Sometimes you might try too hard to convince people to like and love you, to vie for people's attention. Spend that time investing in self-attention . Meditation, gratitude, appreciation and loving your inner child. Explore your interests and opt to join people who do not need begging to stay around you.
In some cases you spend so much time trying to show the world what you have. Maybe your relationships, your possessions or your people. The idea is to show yourself what you have: you. Your heart of joy and kindness and the peacefulness you have thus achieved.
Limit the time you allocate pondering and worrying about someone who no longer wants to do relationship with you. Learn to accept their choices and not take it personally. Focus that time on helping others who are in need of support.

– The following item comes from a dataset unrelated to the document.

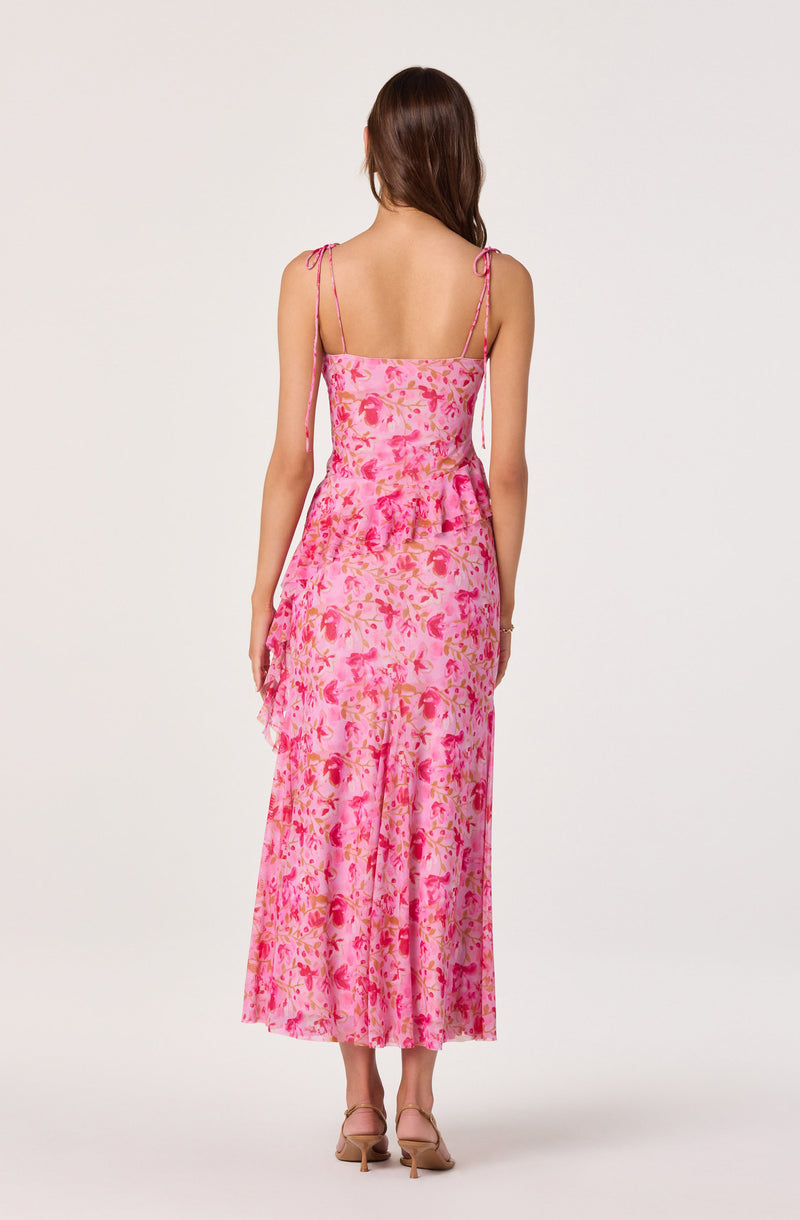 Back view of a woman in a pink floral sleeveless dress with spaghetti straps and a ruffled hem.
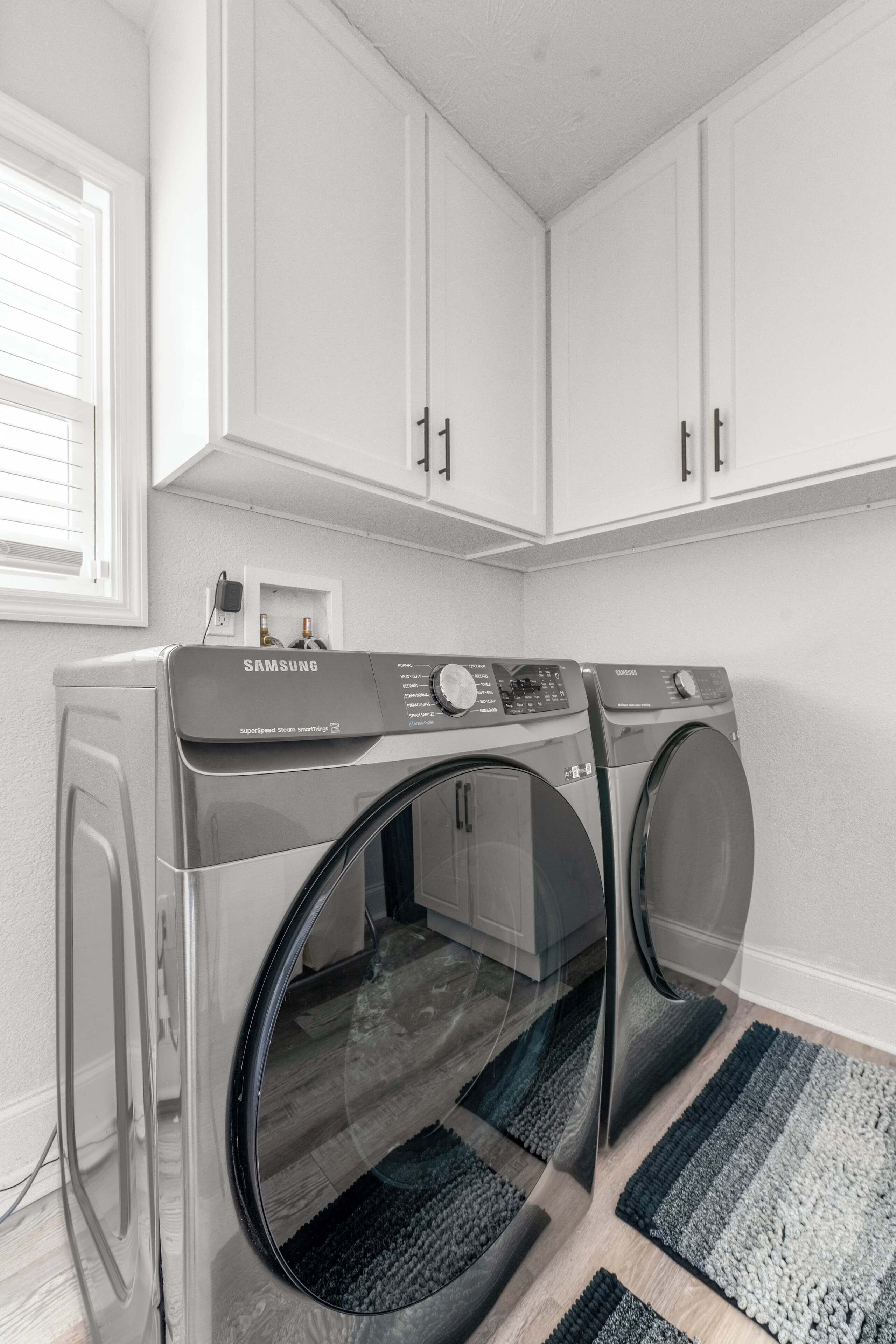 Une buanderie équipée de deux machines à laver Samsung SuperSpeed SteamWash, de meubles blancs et d’une fenêtre.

Perhaps you fall into depression or self-sabotage worrying about why people do not or why they stopped appreciating you. There are so many people out there who love and appreciate you and what you do. Just change focus.
Shift your focus from watching unfolding drama in someone's life or your own. Take yourself out of there and get yourself back into your own life. Create a drama free life.
Learn not to spend time trying to make people see your worth. Spend that time doing something for yourself that increases your credibility with yourself. Validate yourself.
When you feel strongly that someone is not supporting you. Or you feel like doing a lot for someone who is not stepping up for you. Take that time to evaluate all the things you need to do for yourself in your life.
Instead of pointing fingers of blame and accusations, look where the rest of your fingers are pointing and work on yourself.
Where you have the urge to be judgemental look within. Apply objective evaluation and create solutions with reframes.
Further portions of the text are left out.